Making pure maple syrup on one of Michigan’s maple syrup farms certainly comes with a dose of the romantic, but sheer hard work and perseverance are required in far greater measure.
Case in point: At 3 a.m. on a night when the temperature hovered just above freezing last April, Art Currey, an owner of Currey Farms Pure Maple Syrup in Charlevoix, muscled his yellow all-terrain quad up and down the icy, muddy hills of his 35-acre sugarbush south of Charlevoix. While his wife, Jan, half-slept and half-worried in their farmhouse bedroom, Art dodged 15 miles of crisscrossing blue tubing and ducked a pelting thunderstorm that popped off flashes of lightning framed by bare maple branches. That was the bad news.
The good news was that the farm’s thousands of maple trees were gushing sap like faucets turned full on. “Everything was flowing,” Art remembers.

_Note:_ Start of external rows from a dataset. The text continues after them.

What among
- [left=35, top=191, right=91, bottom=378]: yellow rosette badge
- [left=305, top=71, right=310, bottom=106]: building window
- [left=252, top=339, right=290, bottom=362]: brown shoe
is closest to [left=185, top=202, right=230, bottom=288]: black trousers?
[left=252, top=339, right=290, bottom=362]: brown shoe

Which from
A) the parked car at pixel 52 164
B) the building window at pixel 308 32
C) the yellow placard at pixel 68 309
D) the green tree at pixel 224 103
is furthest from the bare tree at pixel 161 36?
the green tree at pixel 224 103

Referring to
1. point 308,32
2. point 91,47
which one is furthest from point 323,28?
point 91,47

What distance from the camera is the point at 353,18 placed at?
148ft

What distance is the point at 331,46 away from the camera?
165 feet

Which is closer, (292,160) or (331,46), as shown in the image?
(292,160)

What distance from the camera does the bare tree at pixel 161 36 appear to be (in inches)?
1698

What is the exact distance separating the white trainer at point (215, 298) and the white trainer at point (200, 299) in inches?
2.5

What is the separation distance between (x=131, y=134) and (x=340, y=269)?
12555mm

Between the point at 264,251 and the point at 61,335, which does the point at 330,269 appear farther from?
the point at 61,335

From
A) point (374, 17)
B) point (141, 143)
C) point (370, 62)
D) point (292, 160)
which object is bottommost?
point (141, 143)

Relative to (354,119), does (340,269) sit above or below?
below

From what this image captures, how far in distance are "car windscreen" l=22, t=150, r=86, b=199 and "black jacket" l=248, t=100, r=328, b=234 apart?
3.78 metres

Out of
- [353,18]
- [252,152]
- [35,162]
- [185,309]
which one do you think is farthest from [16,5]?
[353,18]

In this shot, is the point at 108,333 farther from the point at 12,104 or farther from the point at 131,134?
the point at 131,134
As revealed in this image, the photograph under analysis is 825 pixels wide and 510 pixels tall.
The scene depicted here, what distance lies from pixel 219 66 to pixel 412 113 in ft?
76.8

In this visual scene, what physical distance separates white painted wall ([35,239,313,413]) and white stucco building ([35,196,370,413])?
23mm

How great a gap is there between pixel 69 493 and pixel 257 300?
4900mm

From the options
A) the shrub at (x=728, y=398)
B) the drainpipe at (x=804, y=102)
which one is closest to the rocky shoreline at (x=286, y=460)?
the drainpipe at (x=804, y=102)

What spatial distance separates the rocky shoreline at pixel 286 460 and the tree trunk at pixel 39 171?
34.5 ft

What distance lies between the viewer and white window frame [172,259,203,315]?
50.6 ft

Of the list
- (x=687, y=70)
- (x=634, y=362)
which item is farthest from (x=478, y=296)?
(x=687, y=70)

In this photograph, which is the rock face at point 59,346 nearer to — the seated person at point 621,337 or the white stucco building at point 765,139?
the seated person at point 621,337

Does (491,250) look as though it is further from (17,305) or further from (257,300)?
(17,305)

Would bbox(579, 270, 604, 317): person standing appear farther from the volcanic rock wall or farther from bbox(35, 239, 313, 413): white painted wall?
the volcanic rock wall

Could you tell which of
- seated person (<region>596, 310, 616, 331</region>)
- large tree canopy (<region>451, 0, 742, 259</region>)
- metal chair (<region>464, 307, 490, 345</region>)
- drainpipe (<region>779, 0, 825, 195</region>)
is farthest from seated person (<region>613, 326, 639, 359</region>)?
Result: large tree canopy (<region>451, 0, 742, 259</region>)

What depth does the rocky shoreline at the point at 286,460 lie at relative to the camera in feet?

Art’s mission that night was to guard the mother lode’s free flow from tree to tap to line to collection vat to sap house. If a squirrel nibbled a tube, if a bumbling deer took out lines, if the pump failed and the collection vat overflowed—labor and money would disappear into dirty snow.
While maple syrup season also has its share of peaceful, sun-dancing-on-snow moments, turning sap to syrup is generally hard work. And certainly Art and Jan—who is a registered dietitian—could have found a less physically demanding way to spend their semi-retirement after Art sold his large-animal veterinary practice in Fowlerville, near Lansing, five years ago.
But instead of, say, heading to Florida for the winter, he signed on to work 10 months a year as a clinical instructor at Michigan State University’s College of Veterinary Medicine in East Lansing. During March and April the couple would head North to restart the maple syrup operation that Art’s parents, Robert and Betty Currey, operated in the 1970’s on their 320-acre Charlevoix-area farm. Betty Currey, Art’s mother, still owns the farm and lives there year round in her white gabled farmhouse.
With typical high-octane energy, Art forged an ambitious business plan that put Currey Farms Pure Maple Syrup among a small number of the biggest commercial producers in the state. Last spring, the business’s fourth season, 1,700 gallons of top-quality syrup flowed from the farm, sweetening breakfasts around the Midwest and beyond—and pushing Art’s business plan six years ahead of schedule.
But the pleasure derived from gathering with family and friends for the syrup harvest is an equally important byproductof Currey Farms. At various points in the syrup season, from the end of February to the end of April, as many as 20 people from all over the country and the world assemble at Grandma Betty’s country farmhouse to roll up their sleeves and lend a hand.